Copy the entries below verbatim, omitting any pictures they contain.

Source records:
>>

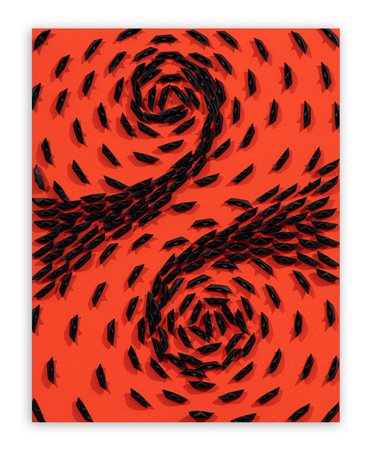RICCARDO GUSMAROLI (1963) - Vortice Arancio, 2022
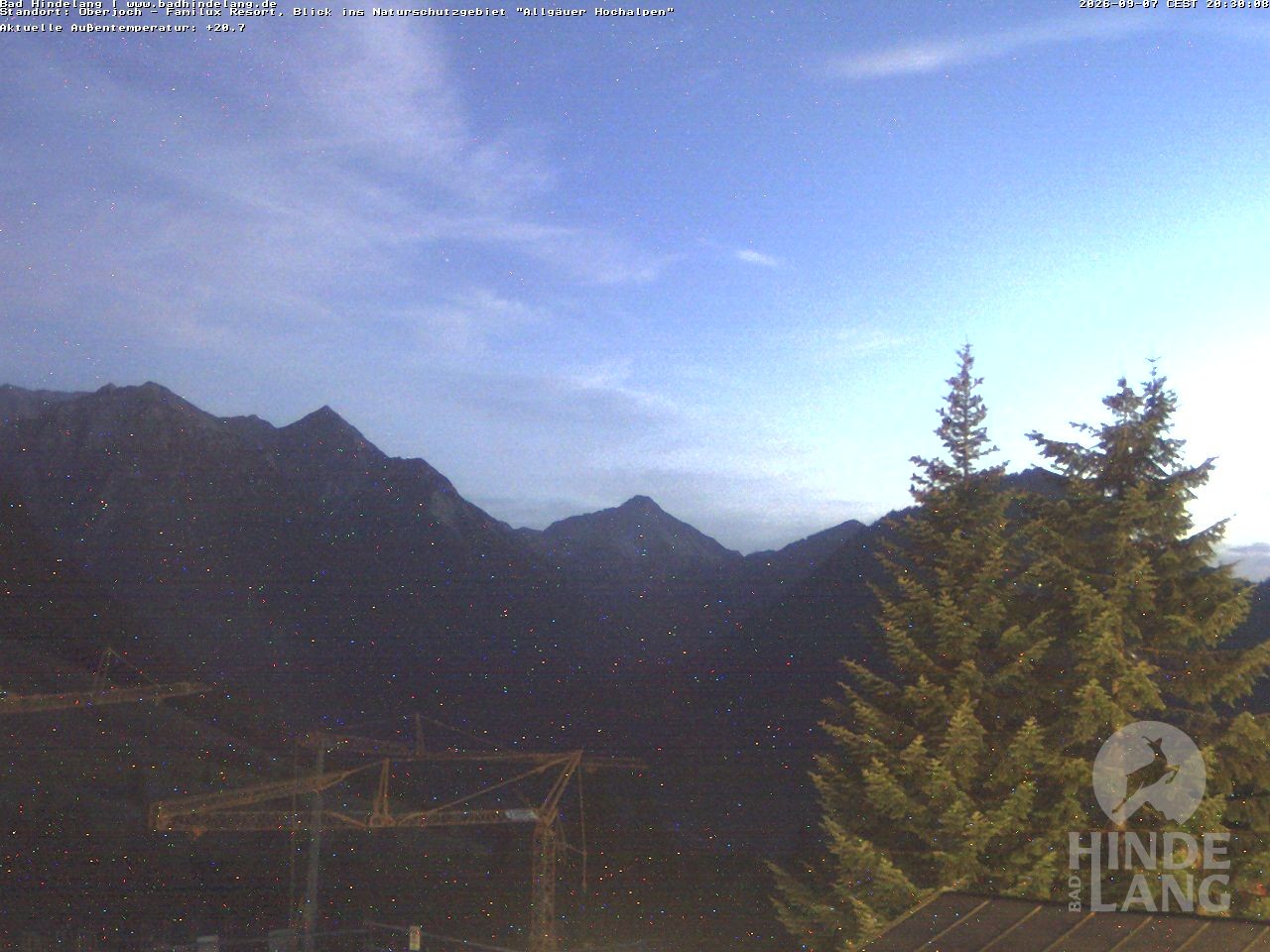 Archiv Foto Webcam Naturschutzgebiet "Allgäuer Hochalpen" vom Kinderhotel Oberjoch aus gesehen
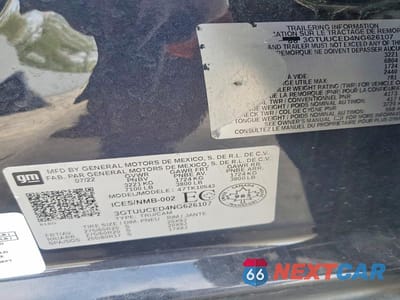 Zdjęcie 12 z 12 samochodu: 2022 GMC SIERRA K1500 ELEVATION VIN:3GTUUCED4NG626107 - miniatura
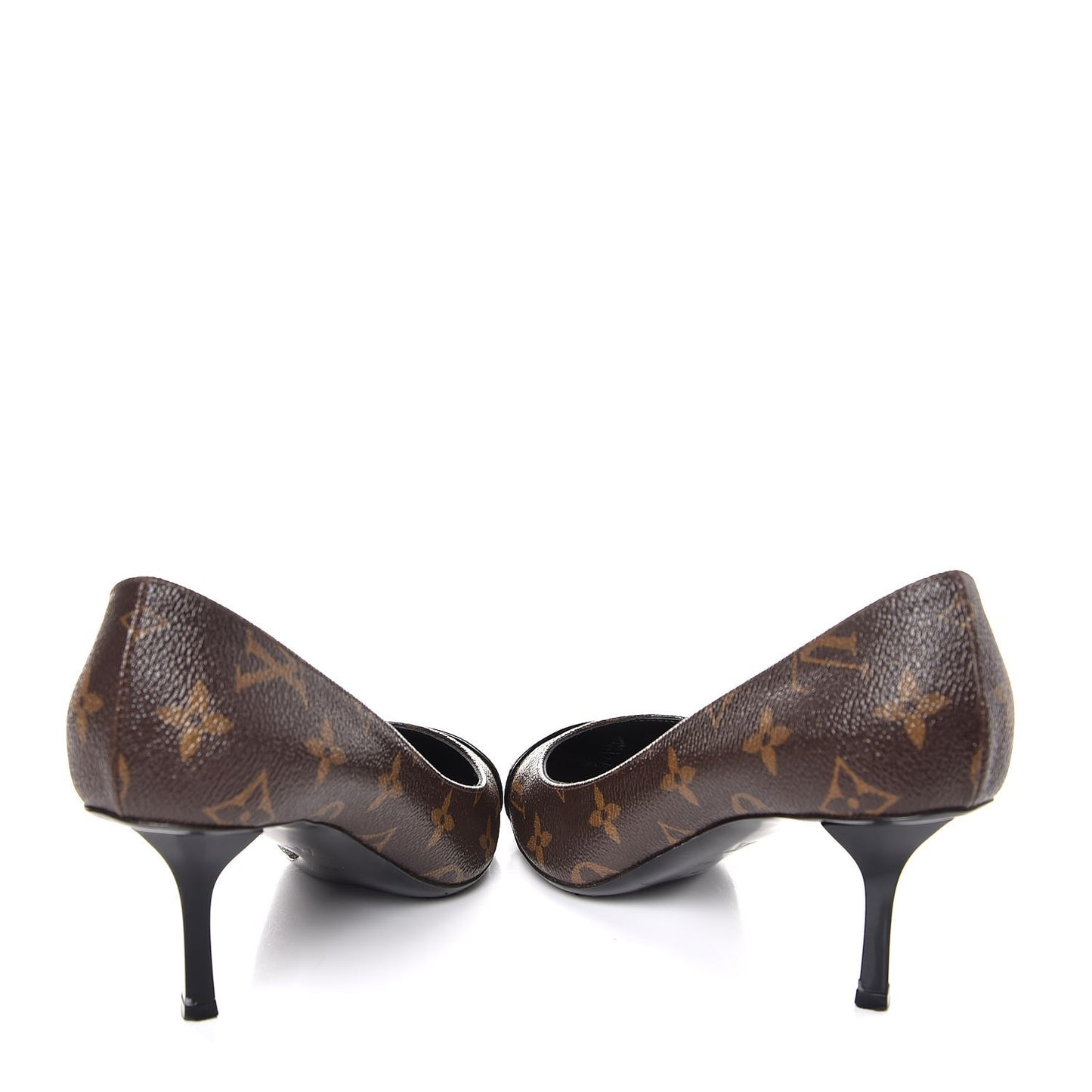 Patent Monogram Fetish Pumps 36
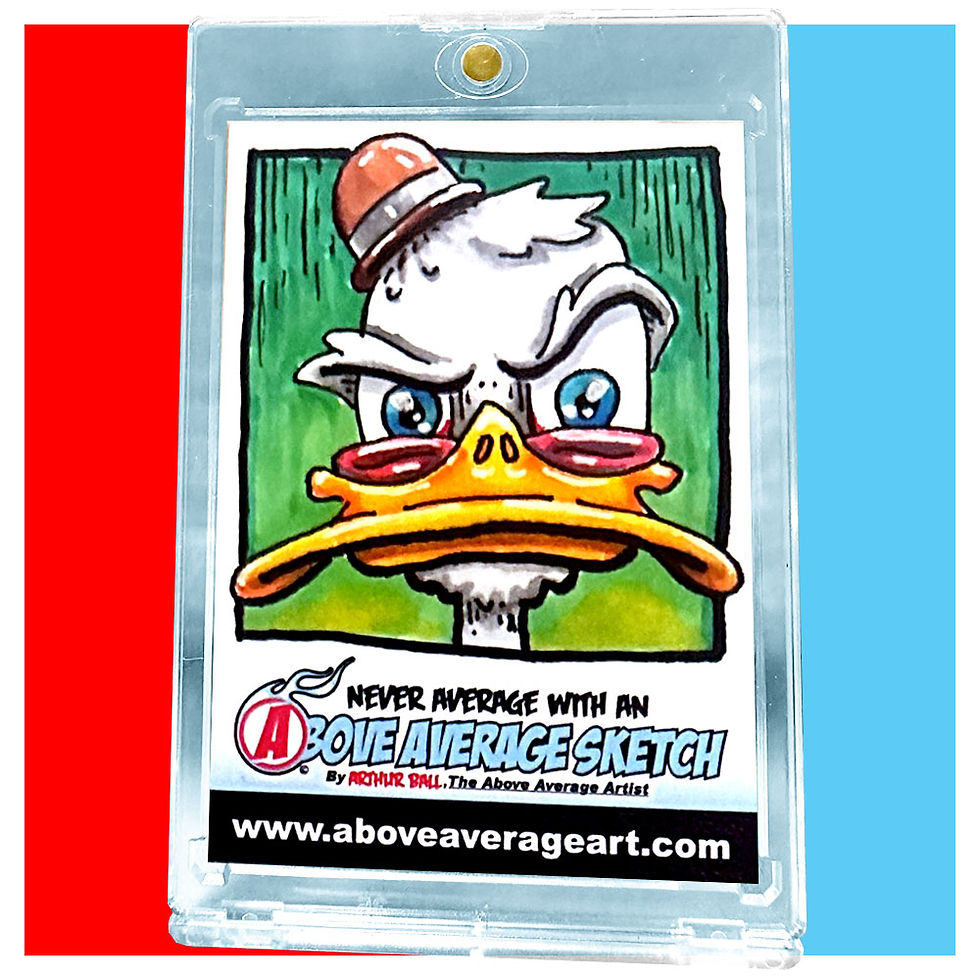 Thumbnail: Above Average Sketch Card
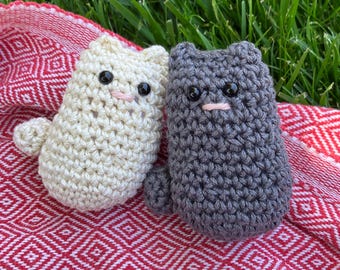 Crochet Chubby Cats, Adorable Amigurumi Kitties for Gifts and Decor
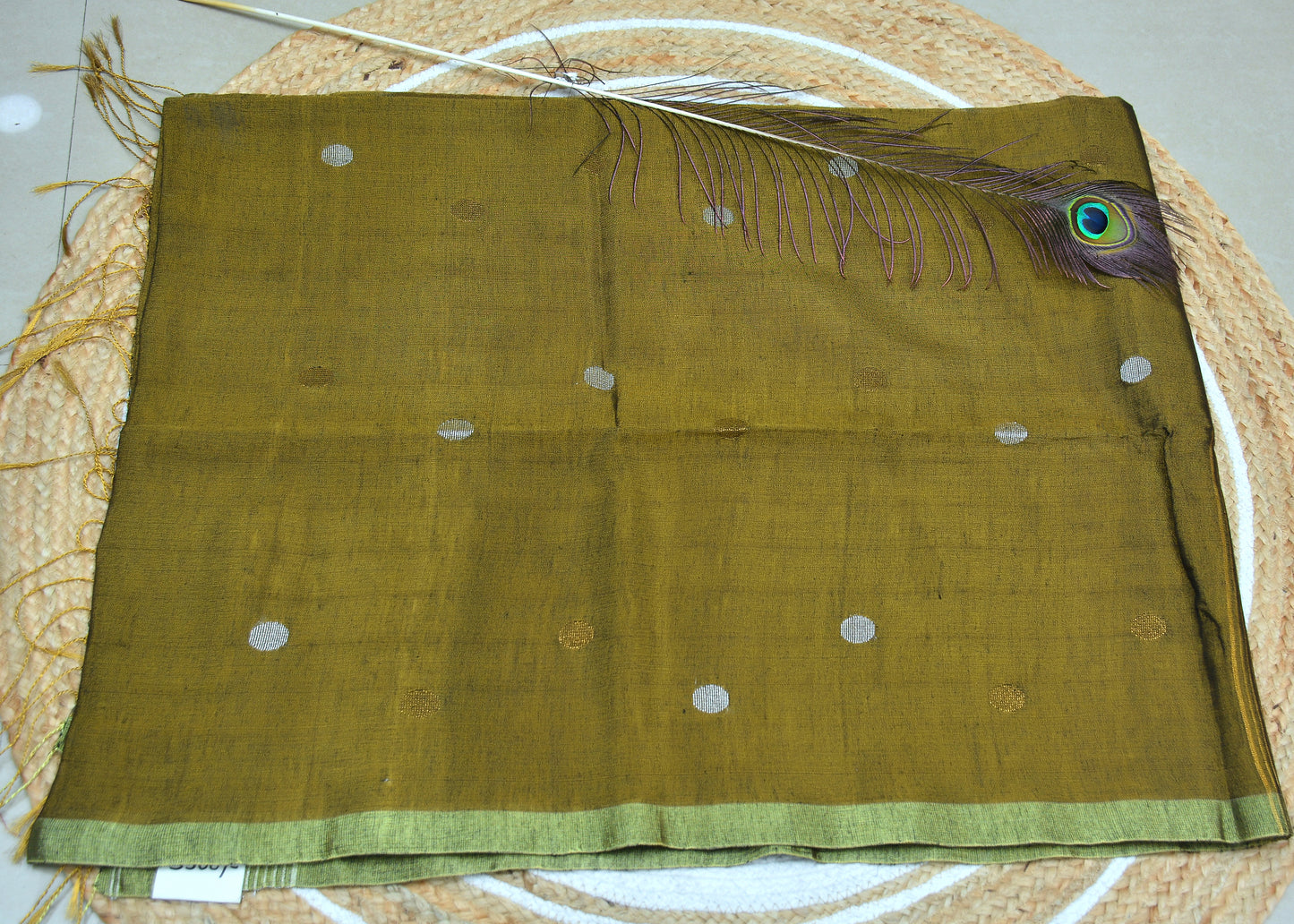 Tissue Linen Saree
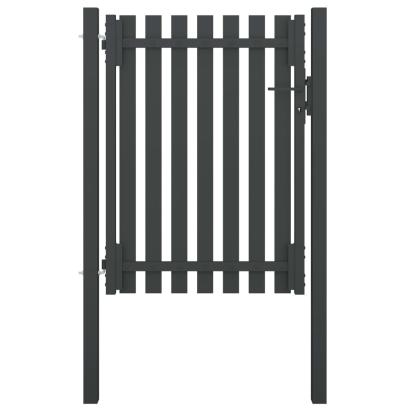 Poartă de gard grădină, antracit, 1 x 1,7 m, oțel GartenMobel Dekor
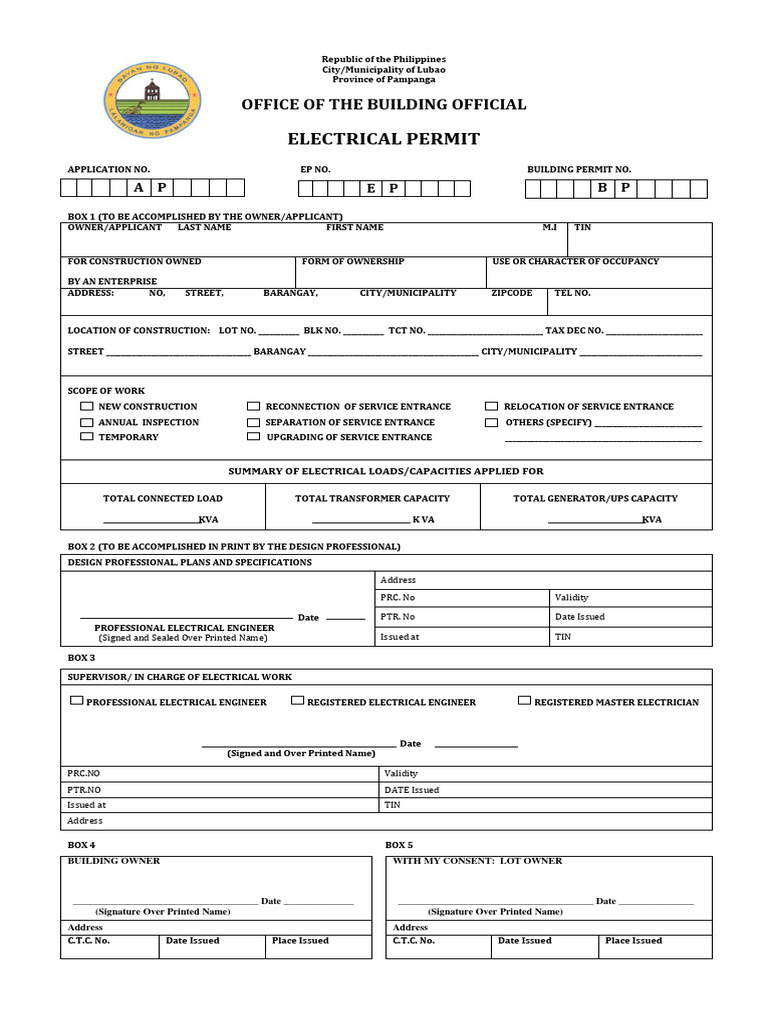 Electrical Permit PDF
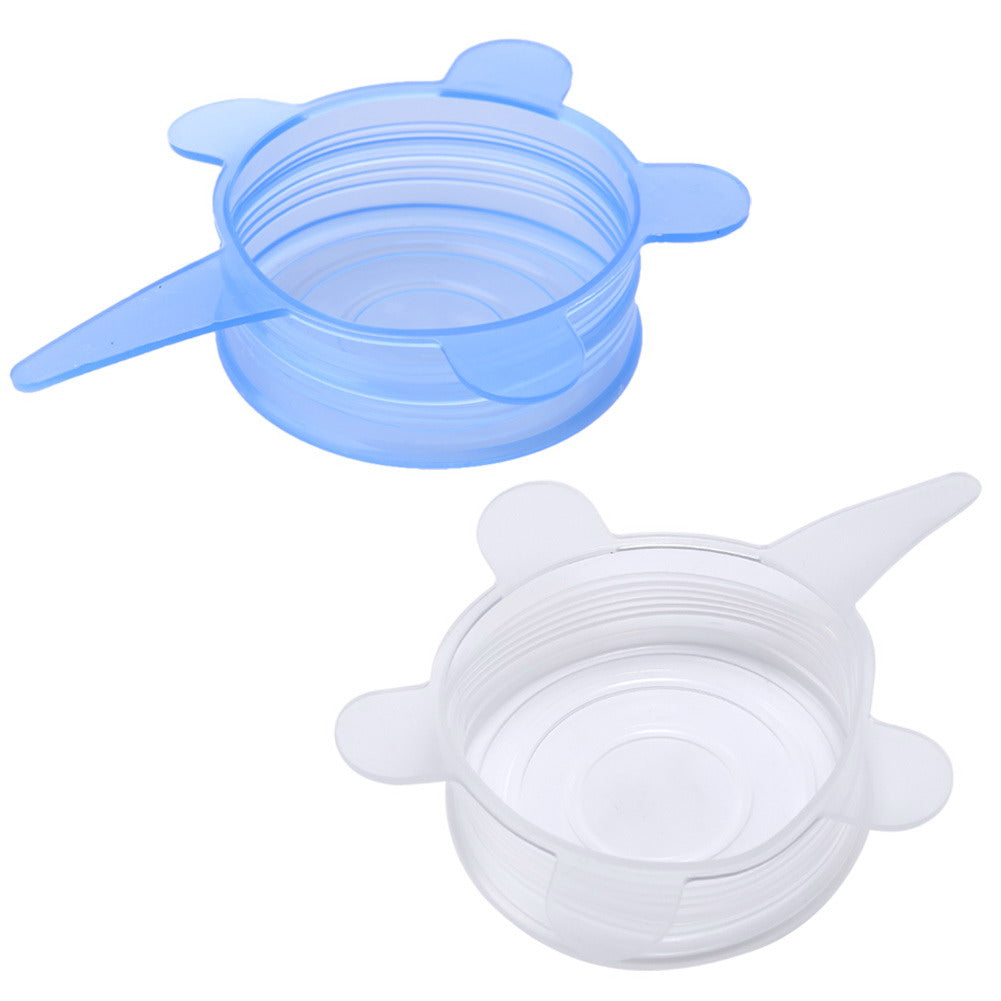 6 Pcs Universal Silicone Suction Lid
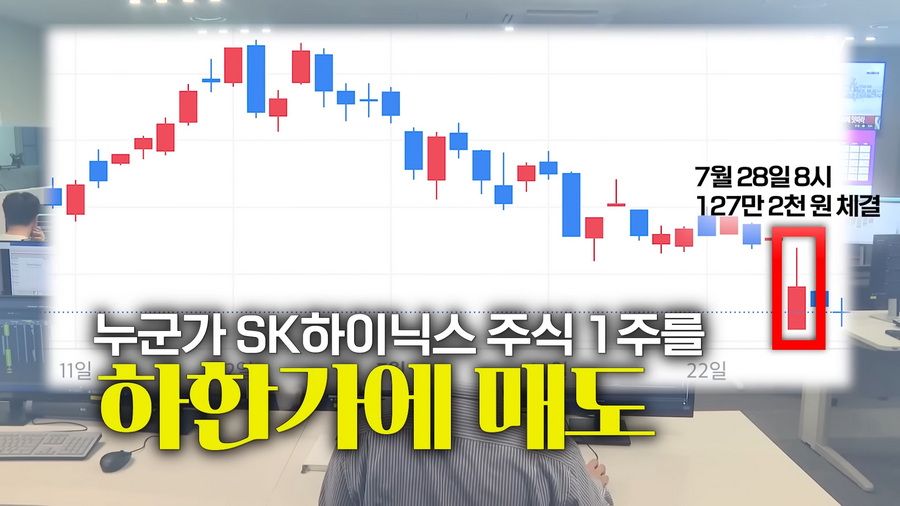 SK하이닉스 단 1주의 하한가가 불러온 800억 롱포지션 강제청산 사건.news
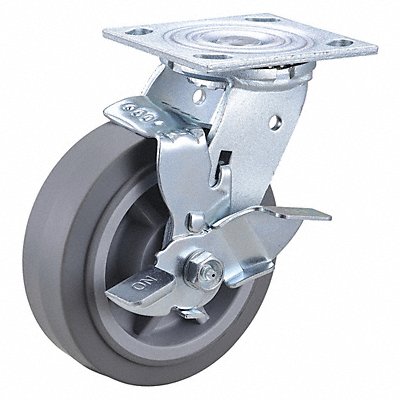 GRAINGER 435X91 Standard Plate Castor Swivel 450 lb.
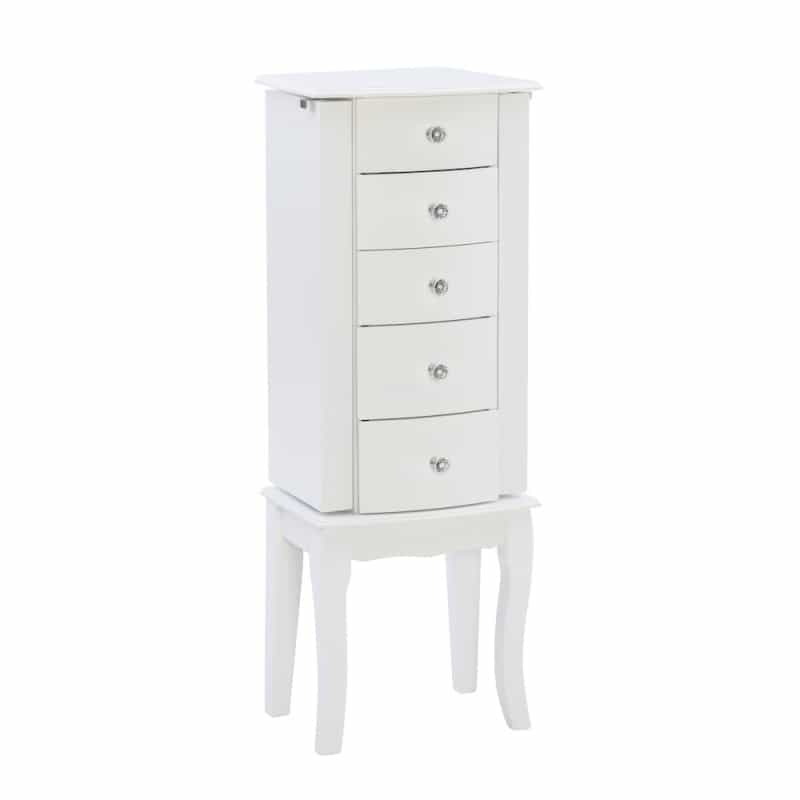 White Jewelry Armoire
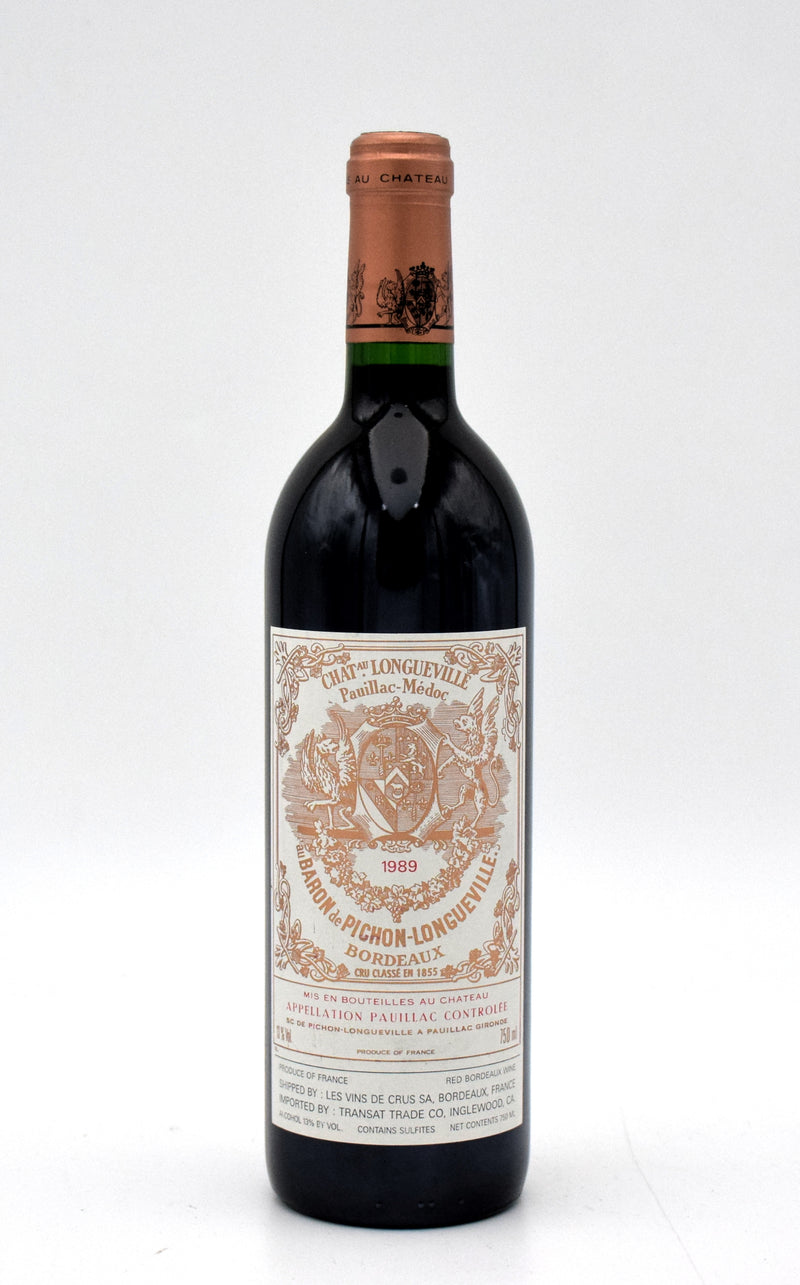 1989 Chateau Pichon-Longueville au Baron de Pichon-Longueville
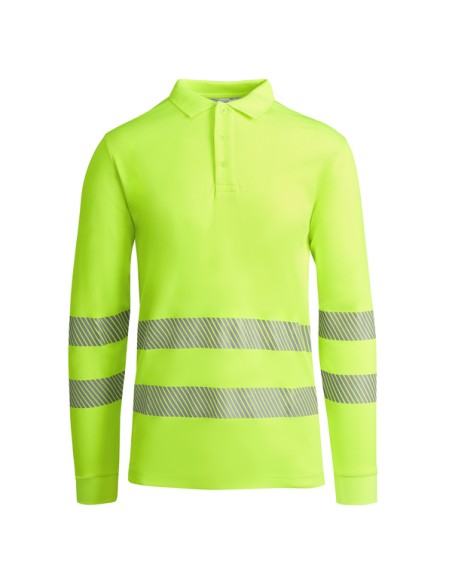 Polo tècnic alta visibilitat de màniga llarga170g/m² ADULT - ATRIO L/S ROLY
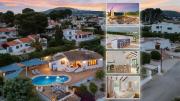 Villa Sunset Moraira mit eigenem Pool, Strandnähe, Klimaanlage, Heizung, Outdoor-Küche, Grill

<<

- _Answer space_
RICCARDO GUSMAROLI (1963) - Vortice Arancio, 2022
 Archiv Foto Webcam Naturschutzgebiet "Allgäuer Hochalpen" vom Kinderhotel Oberjoch aus gesehen
 Zdjęcie 12 z 12 samochodu: 2022 GMC SIERRA K1500 ELEVATION VIN:3GTUUCED4NG626107 - miniatura
 Patent Monogram Fetish Pumps 36
 Thumbnail: Above Average Sketch Card
 Crochet Chubby Cats, Adorable Amigurumi Kitties for Gifts and Decor
 Tissue Linen Saree
 Poartă de gard grădină, antracit, 1 x 1,7 m, oțel GartenMobel Dekor
 Electrical Permit PDF
 6 Pcs Universal Silicone Suction Lid
 SK하이닉스 단 1주의 하한가가 불러온 800억 롱포지션 강제청산 사건.news
 GRAINGER 435X91 Standard Plate Castor Swivel 450 lb.
 White Jewelry Armoire
 1989 Chateau Pichon-Longueville au Baron de Pichon-Longueville
 Polo tècnic alta visibilitat de màniga llarga170g/m² ADULT - ATRIO L/S ROLY
 Villa Sunset Moraira mit eigenem Pool, Strandnähe, Klimaanlage, Heizung, Outdoor-Küche, Grill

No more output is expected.